“Study Finds Security Flaws on Web Sites of Major Banks” or “Common Knowledge: Users Regularly Click-Thru”
The New York Times Computer Security blog has an article entitled "Study Finds Security Flaws on Websites of Major Banks"... They couldn't have picked a more misleading title.. The original study, entitled "The Emperor's New Security Indicators", was a study to see how many users monitor things such as the disappearance of SSL (HTTPS) and changes to their "site authentication images"...
For those of you that are unaware, or haven't seen "site authentication images" the concept is that a user selects an image from a Library of thousands, along with a phrase... and they are displayed that image and phrase every time they visit the web page... The idea being that they would not see the image/phrase on a phishing site and would not login... The technology was originally rolled out by a company called PassMark who was acquired by RSA... they market the technology as RSA Adaptive Authentication for Web.
The study found that 100% of users still entered their username and password when SSL was removed from the equation (Although I'd love to see them try again with IE7 and High Assurance Certificates ( IE 7 Blog | SpywareSucks Blog Overview | Verisign Information ) to see if the green address bar makes a difference). They also found that 92% of users still entered their usernames and passwords when the "site authentication images" were removed. The study calls this method of protection ineffective... I'd argue that ~10% success is better than not trying... perhaps user education isn't up to par... but if you stop 1 in 10 phishing attempts with technology A and 1 in 10 with technology B you may eventually protecting 10 out of 10 users... After all isn't layered security a common concept?

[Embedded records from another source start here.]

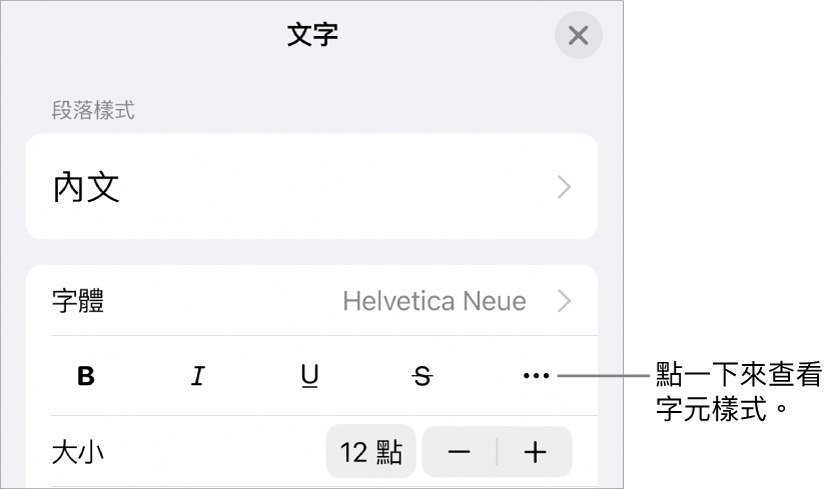 帶有「粗體」、「斜體」、「底線」、「刪除線」和「更多文字選項」按鈕的「格式」控制項目。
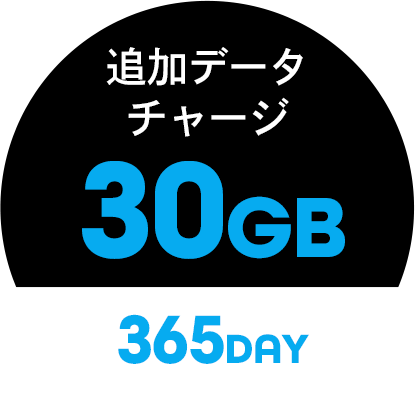 追加データ30GB/365day 商品画像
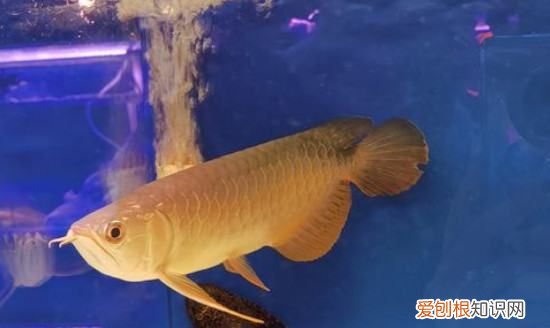 养龙鱼需要注意什么，龙鱼的养殖方法和注意事项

The study however isn't my concern... my concern is with the NYT article... It's misleading to readers... There's no flaw in the websites of major banks... and if I were these banks I'd be rather upset at the NYT for the equivalent of slander right now... As I said in the title this article could have been called "Common Knowledge: Users Regularly Click-Thru"... This is where the problem lies. Users will common click next.. Call Tech support, what do they say, "Click next until you're done" (This is negligence on the tech support companies part)... Instructions on websites will commonly say, click next until you're done... Users have come to accept, "Click next until you're done" as the standard... in an effort to make computers easier for the average user... we've made them more vulnerable... we've been complacent in our duties to keep the end user informed.... to pass along knowledge... Basically, we've failed them.
The problem now is how do we re-educate them... The NYT should be addressing and answering that question... addressing the issue of users that "Click-Thru"... This study is alarming but not for the reasons that the NYT addresses... it's alarming because so few users know how to act and respond... They want the ease of use...

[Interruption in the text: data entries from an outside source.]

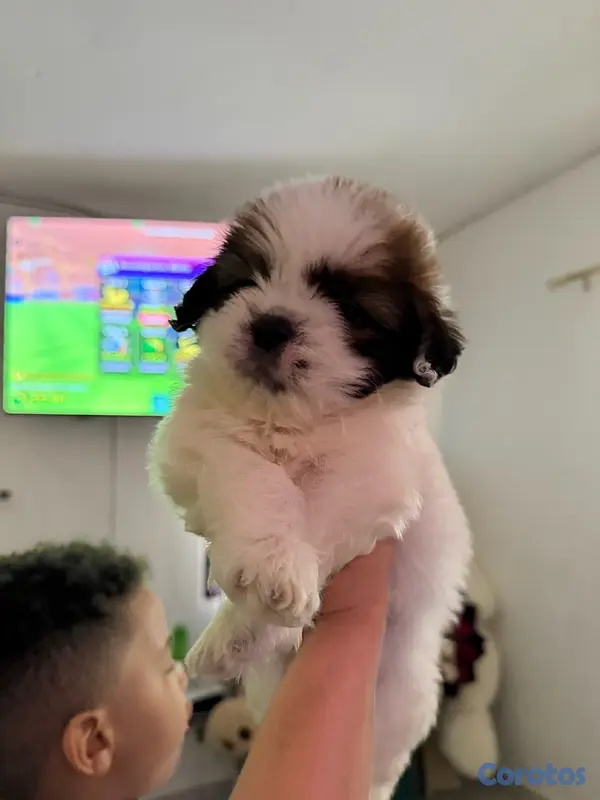 animales y mascotas - shipoo 4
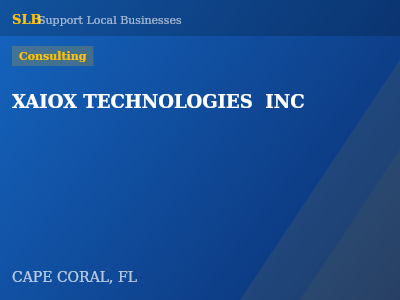 XAIOX TECHNOLOGIES  INC — Consulting in CAPE CORAL, FL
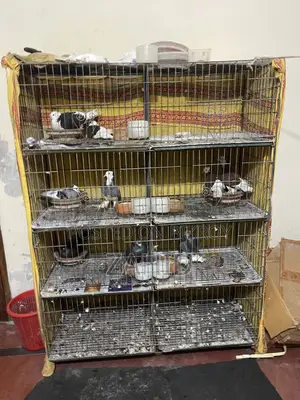 ৮ রুমের ৩ টা খাচাঁ বিক্রি হবে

While it removes the simplicity of daily banking... I would propose this solution. The technology should randomly display an incorrect picture... Should the user click through without confirming is indeed incorrect the account would be locked until the user called the bank and had the lock removed... To ensure that phishing sites don't duplicate this... the second picture shown would then be the users correct picture so they would know they can proceed safely... After a user locks their account out once or twice, they'll learn to start looking at the image. To ensure they don't always indicate that the initial image is incorrect, they should also have their account locked if they say "Not my image" to their image...
Re-education isn't always an easy task... and the end-user is going to have to learn that to safely use a computer in 2007 they're going to have to give up a little bit of the convenience... Just as Vista is introducing UAC, which adds a few clicks.... banks should modify their systems to properly notify users and ensure that we desensitize them to the "Click-Thru method"...
Donna's Security Flash has also mentioned this briefly.
[Update] It appears as though the NYT has changed the article of the column to "Study Finds Web Antifraud Measure Ineffective"... I emailed the author (Brad Stone) and pointed him towards my blog post... I am however, disappointed that he didn't credit me for the name change, or at least say why he did it.